China's strength against negative changes
"Britain leaving the European Union and Donald Trump becoming the US president signal the rise of populism, anti-globalization, objection of free migration and trade protectionism," said Do Tien Sam, editor in chief of the China Research Journal published by the Institute for Chinese Studies in Vietnam Academy of Social Sciences, in a recent interview.
As an expert who has studied China for a long time, Sam said China's economic development is based on the three pillars of exports, investment and consumption.
"Among the three pillars, consumption plays a great role. Chinese people consume goods and commodities, which creates attraction, confidence for investors, as well as for other developing countries," said the expert.
In spite of difficulties in exports amid rising protectionism, China's "huge spending power" ensures it has a better position to deal with the challenge than others, said Sam.
Sam pointed out that if China can maintain its economic growth at 6.5-7 percent a year, it will be a contribution to the world economy, especially in the context of rising trade protectionism.
China has benefited from globalization, and now China will be the one that continues to boost globalization and shares its achievements with other countries, said the expert.
When talking about the coming meetings of China's National People's Congress and the Chinese People's Political Consultative Conference this month, Sam said they are of great importance in adopting measures to tackle profound changes in the world.
Active pursuit for common benefit
Public services proposed by China such as the Belt and Road Initiative and the Asian Infrastructure Investment Bank (AIIB) are being recognized and welcomed by the world, said Chen Fengying, a research fellow at the China Institute of Contemporary International Relations.
"In global governance, China has become an active participant and builder ... China's blueprint is not only for its own development but also that of the world as a whole," said Chen.
China has also been easing the inflow of foreign capital as part of efforts to facilitate its opening-up, reducing restrictive measures and opening more sectors.
China announced in January the modification of the Catalogue of Industries for Guiding Foreign Investment and related regulations to considerably lower the threshold for foreign investment in services, manufacturing and mining sectors.

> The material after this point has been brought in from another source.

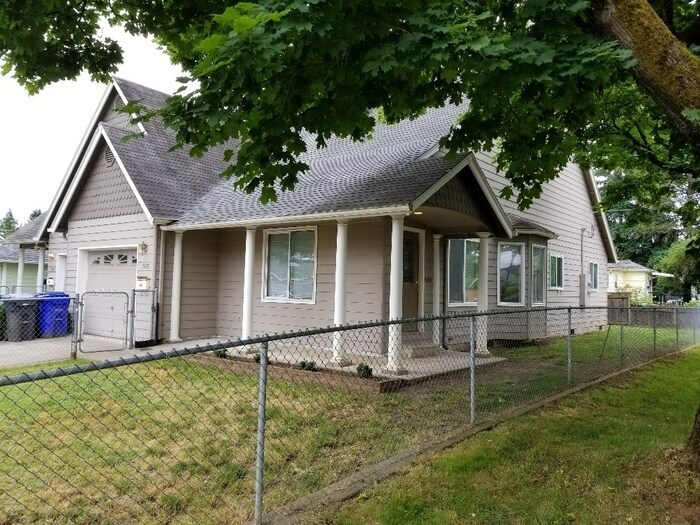 3 BR 2 BA in BrentwoodDarlington House Rental in Portland, OR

Addressing a meeting in Beijing on Monday, Chinese Commerce Minister Zhong Shan promised more efforts in briskly introducing foreign investment.
This includes propelling the development of free trade zones, pushing for reforms in foreign investment management, and improving the business environment, said Zhong.

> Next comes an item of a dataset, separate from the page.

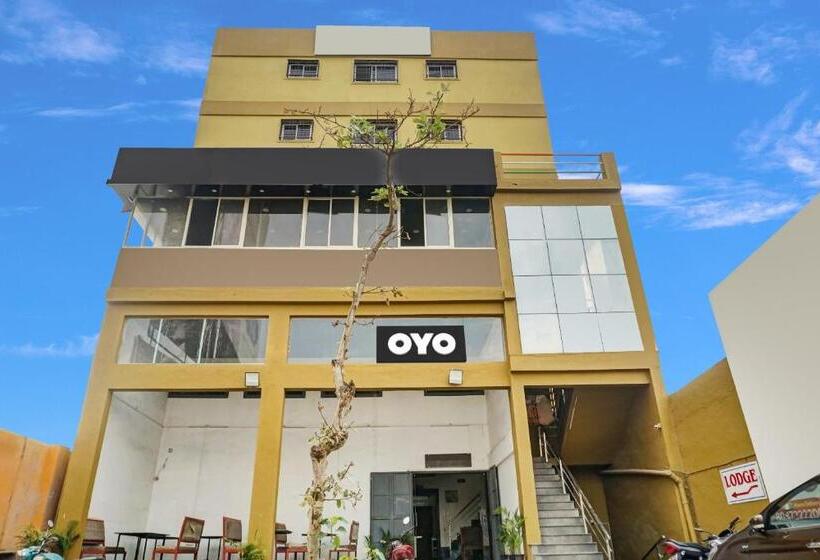 Hotelli Collection O Galaxy Stay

Foreign direct investment on the Chinese mainland rose 4.1 percent year on year last year.
Overseas analysts have credited the Chinese leadership for accurate and coherent policies in the country's development.
Amid changing regional and international situations with numerous challenges, China has managed to gain enormous accomplishments under the leadership of the Communist Party of China (CPC), said Tran Viet Thai, deputy director of the Institute for Foreign Policy and Strategic Studies at the Diplomatic Academy of Vietnam.
"It is a huge effort, bravery and determination," said Thai.